# Real Mpg Numbers From People Towing.



## Duanesz (Jul 10, 2009)

I have about 3000mi towing with my new to me 2000 f-250 with a 7.3 in it. I have been getting about 9.3 for a low and 11mpg for a high. The 11mpg trip was this week and kept speeds around 65mph no hills pretty flat. My dad claims with his duramax 08 pulling his 38ft bighorn at 12,500lbs he claims 12mpg driving 62mph.

When I first pulled in to the campground yesterday my nieghbor comes over and asks what year my truck is and how he has a 01 and loves his old 7.3. I ask him what kind of mileage he gets pulling his high profile 5er about 35 ft long I would guess.

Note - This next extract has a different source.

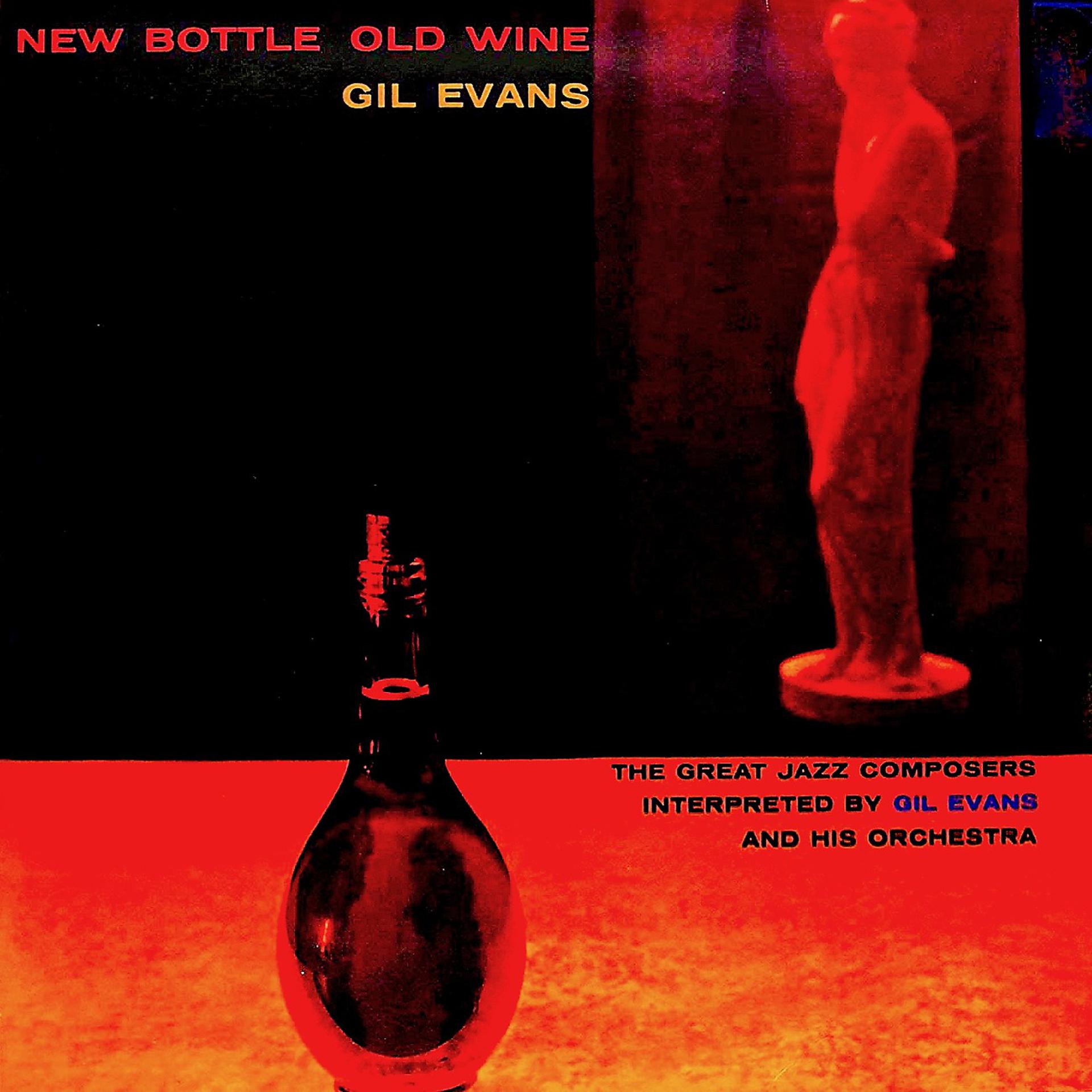 Постер альбома New Bottle, Old Wine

He says to me 13mpg. and he just checked it coming up the same highway I drove and got 10.6. I am only pulling 6000lbs and a regular camper not a big 5er.

Carey if you read this what do some of they duramax guys in your fleet get pulling large 5ers like the bighorn grossing 12-14k?

Duane


----------



## luverofpeanuts (Mar 9, 2010)

On the highway, keeping speeds between 60-65, and relatively flat terrain, I get around 10-11 mpg pulling my 290RLS with my '06 6.0L Ford F250 PSD. That's outfitted for a weekend or so of camping.

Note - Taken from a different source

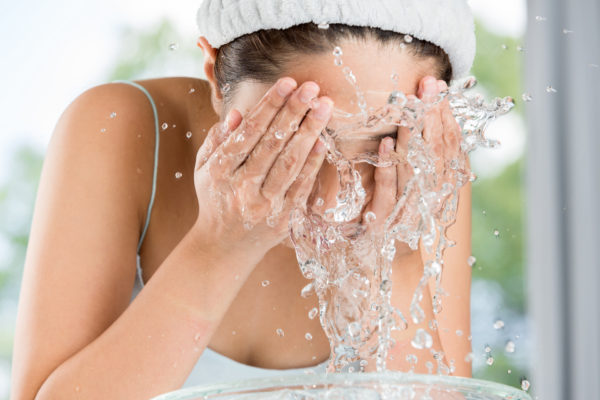 肌荒れを改善する洗顔の仕方！もしかしてそのやり方NG洗顔かも？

On the low side, I've seen 8-9 in when really pushing it, hilly terrain, or windy conditions. On the high side, more flat, babying the accelerator, I can squeak 11-12 mpg. All of these figures are highway.

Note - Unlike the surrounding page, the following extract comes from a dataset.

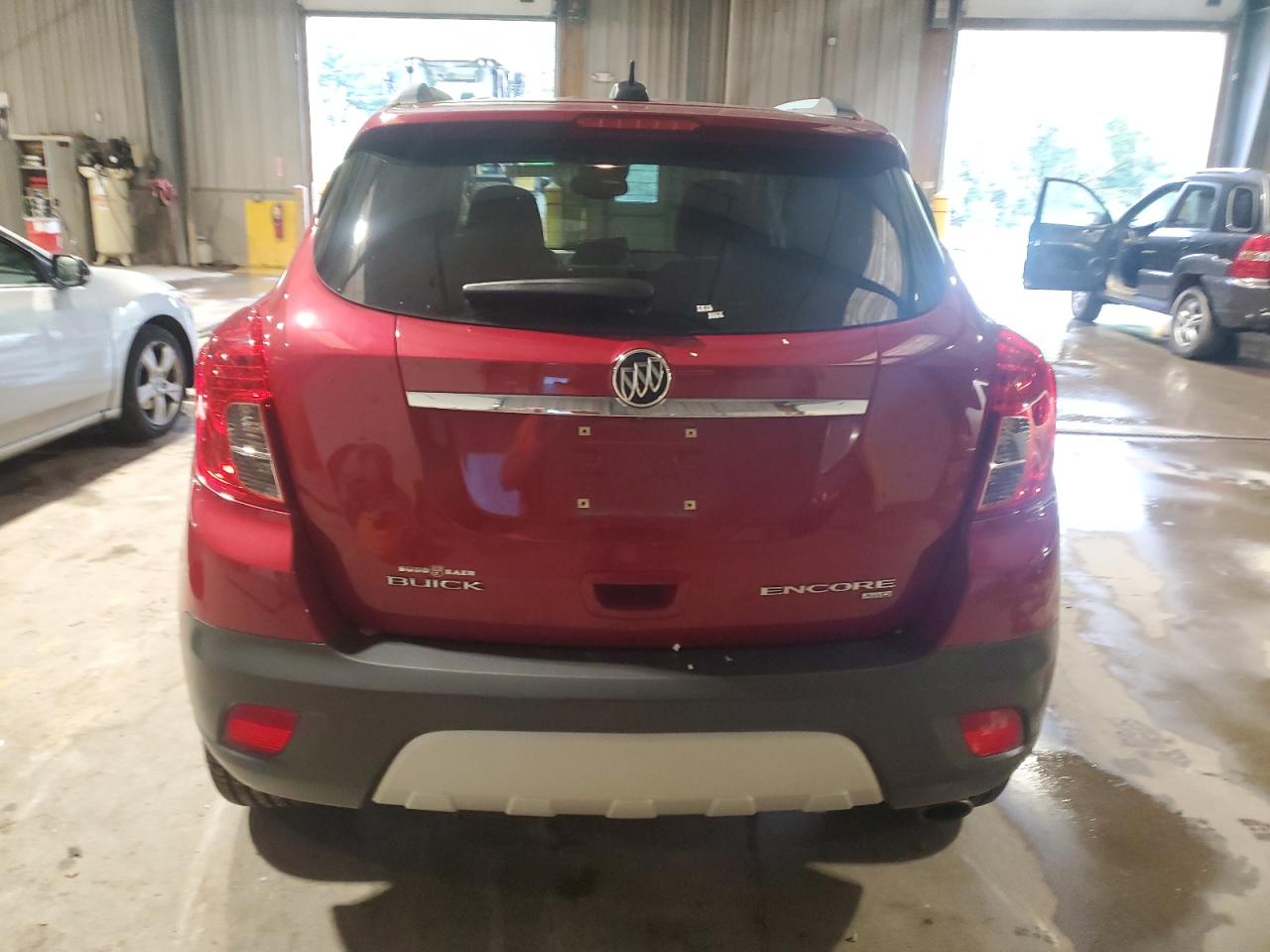 KL4CJFSB3GB748813 2016 Buick Encore Convenience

Weight wise, I'm probably at around 8.5 to 9k for the trailer and around 9.5K for the truck.


----------



## heron (May 13, 2010)

Duanesz said:


> I have about 3000mi towing with my new to me 2000 f-250 with a 7.3 in it. I have been getting about 9.3 for a low and 11mpg for a high. The 11mpg trip was this week and kept speeds around 65mph no hills pretty flat. My dad claims with his duramax 08 pulling his 38ft bighorn at 12,500lbs he claims 12mpg driving 62mph.
> 
> When I first pulled in to the campground yesterday my nieghbor comes over and asks what year my truck is and how he has a 01 and loves his old 7.3. I ask him what kind of mileage he gets pulling his high profile 5er about 35 ft long I would guess. He says to me 13mpg. and he just checked it coming up the same highway I drove and got 10.6. I am only pulling 6000lbs and a regular camper not a big 5er.
> 
> ...


Not sure yet with my 312BH but I know when I've loaded my duramax(LBZ...NON EMISSIONED, no cat, nothing, egr blocked, no DPF) with my trailer and tractor weighing in around 10K I averaged 15 doing 70mph from Ohio to TN. Now, I have lots of mods, mild 50hp tow tune. This amount was hand calculated, I don't rely on the DIC for MPG. One of the main reasons I went with diesel is the MPG towing and the more HP the better mpg. I think with the drag created with the camper I may drop 1 or 2mpg but my camper will be lighter so we'll see in early Sept what type of numbers I average.


----------



## Nathan (Jan 2, 2007)

Yeah, you know I've seen a lot of it too. When we borrowed my parent's rig in 2006, their Dodge/Cummins trip computer reported a consistent 13mpg over 7000 miles. Hand calculated was right around 11 mpg!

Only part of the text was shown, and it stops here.